■ **WHAT YOU SHOULD DO**: In the listing below, a line holding "Here we are" and a line holding "2019 Volkswagen Tiguan" mark the range. Retype both exactly, with all lines between them.

-=-=-=-=-

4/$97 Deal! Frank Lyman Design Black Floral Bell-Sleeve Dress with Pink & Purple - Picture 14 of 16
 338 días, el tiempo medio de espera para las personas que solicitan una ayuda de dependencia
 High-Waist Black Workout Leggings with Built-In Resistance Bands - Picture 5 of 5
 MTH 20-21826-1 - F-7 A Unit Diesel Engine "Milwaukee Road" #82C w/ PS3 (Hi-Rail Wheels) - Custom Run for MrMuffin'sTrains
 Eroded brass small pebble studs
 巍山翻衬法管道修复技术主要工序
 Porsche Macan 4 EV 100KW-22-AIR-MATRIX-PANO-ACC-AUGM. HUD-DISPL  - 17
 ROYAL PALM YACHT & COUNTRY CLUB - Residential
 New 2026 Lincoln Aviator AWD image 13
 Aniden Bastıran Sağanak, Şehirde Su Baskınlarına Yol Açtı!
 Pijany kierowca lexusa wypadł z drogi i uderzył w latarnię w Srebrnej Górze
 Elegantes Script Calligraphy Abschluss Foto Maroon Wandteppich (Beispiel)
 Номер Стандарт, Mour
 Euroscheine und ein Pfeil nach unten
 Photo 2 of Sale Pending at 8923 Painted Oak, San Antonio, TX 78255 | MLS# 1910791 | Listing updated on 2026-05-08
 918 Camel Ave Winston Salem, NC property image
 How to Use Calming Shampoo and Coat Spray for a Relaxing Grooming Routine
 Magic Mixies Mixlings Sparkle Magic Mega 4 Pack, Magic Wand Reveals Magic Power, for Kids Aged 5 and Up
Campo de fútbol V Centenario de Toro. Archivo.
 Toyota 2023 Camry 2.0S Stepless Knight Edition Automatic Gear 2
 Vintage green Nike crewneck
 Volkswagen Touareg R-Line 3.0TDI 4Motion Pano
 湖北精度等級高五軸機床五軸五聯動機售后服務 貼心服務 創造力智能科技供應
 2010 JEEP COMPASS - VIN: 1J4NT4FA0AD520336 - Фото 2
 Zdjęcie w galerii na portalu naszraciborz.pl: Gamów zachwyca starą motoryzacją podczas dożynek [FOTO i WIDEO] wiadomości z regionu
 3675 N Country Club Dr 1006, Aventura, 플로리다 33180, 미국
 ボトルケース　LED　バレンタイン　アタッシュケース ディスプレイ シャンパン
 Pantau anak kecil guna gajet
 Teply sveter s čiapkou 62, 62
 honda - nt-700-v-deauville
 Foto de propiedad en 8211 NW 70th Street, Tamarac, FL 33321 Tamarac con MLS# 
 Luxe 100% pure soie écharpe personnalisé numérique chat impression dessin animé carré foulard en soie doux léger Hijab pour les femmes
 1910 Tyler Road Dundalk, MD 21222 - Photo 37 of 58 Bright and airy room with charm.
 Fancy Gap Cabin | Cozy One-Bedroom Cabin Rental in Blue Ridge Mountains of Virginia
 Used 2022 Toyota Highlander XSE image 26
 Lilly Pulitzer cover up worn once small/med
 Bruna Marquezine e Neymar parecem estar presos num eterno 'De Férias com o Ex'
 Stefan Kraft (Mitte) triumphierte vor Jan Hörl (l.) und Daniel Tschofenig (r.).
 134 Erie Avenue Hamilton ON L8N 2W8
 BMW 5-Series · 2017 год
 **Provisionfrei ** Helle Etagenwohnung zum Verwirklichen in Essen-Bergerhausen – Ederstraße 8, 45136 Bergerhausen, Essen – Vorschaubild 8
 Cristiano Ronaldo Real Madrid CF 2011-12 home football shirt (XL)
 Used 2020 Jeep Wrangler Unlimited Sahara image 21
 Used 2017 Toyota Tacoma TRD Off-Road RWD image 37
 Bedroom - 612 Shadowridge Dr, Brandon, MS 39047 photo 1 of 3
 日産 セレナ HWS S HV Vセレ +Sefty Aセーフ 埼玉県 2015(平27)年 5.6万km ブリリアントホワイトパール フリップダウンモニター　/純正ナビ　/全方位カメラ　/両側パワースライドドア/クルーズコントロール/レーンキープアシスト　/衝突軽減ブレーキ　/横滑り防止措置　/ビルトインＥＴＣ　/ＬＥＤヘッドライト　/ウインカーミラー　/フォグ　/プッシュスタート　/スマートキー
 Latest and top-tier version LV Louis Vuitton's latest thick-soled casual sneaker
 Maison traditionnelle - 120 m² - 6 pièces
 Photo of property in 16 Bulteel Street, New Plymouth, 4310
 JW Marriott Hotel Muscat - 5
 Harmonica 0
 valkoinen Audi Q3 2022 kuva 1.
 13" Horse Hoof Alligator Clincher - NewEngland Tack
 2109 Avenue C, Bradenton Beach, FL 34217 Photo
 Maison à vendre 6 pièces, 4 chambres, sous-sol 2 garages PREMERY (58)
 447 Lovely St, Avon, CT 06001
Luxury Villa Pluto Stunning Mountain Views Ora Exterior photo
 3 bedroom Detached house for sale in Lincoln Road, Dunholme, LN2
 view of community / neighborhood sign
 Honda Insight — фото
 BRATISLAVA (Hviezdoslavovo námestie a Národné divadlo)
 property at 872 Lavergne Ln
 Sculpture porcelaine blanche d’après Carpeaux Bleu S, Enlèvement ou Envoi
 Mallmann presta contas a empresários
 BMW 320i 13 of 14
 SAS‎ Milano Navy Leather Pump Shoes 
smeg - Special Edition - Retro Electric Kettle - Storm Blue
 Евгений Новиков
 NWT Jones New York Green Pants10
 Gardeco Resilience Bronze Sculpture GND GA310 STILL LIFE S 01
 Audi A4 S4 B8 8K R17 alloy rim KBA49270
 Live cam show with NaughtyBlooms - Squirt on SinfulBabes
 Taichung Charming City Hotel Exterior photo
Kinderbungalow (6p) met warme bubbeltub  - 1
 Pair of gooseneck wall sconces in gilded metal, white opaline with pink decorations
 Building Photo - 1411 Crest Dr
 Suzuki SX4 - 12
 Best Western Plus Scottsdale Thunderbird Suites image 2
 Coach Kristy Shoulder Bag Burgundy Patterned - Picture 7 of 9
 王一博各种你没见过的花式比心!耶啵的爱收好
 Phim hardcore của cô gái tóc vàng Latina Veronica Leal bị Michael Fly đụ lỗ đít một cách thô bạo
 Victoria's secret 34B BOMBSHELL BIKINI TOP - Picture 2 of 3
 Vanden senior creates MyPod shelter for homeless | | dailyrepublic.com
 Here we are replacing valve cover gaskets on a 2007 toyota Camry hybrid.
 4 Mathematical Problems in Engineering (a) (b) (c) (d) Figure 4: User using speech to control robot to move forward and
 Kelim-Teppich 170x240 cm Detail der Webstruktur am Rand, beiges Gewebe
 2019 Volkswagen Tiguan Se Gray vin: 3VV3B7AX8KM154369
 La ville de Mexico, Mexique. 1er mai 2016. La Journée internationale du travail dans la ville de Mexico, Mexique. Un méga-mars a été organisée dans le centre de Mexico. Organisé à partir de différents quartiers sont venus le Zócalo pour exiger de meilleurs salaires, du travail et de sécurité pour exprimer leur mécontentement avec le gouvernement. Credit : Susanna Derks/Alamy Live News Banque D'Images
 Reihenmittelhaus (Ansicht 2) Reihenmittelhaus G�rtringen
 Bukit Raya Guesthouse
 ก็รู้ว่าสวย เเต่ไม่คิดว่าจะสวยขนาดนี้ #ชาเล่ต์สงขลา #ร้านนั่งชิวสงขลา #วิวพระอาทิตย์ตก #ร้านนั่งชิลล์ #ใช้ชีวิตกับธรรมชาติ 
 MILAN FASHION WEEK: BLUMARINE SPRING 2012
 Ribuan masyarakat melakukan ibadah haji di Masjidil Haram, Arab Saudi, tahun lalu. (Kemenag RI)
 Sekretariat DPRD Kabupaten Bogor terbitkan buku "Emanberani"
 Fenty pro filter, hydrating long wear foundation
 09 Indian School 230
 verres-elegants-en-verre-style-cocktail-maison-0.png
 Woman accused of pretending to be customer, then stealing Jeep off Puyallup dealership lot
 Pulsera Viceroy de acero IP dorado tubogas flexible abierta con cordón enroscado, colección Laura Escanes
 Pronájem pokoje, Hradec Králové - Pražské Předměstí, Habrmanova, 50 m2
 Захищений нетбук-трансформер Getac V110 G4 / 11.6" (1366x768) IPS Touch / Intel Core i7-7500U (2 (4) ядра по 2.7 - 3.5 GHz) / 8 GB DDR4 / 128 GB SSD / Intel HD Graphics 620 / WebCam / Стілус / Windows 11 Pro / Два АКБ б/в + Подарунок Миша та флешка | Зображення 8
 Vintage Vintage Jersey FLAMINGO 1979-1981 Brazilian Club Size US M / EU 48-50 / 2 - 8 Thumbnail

-=-=-=-=-

■ **ANSWER SECTION**:
 Here we are replacing valve cover gaskets on a 2007 toyota Camry hybrid.
 4 Mathematical Problems in Engineering (a) (b) (c) (d) Figure 4: User using speech to control robot to move forward and
 Kelim-Teppich 170x240 cm Detail der Webstruktur am Rand, beiges Gewebe
 2019 Volkswagen Tiguan Se Gray vin: 3VV3B7AX8KM154369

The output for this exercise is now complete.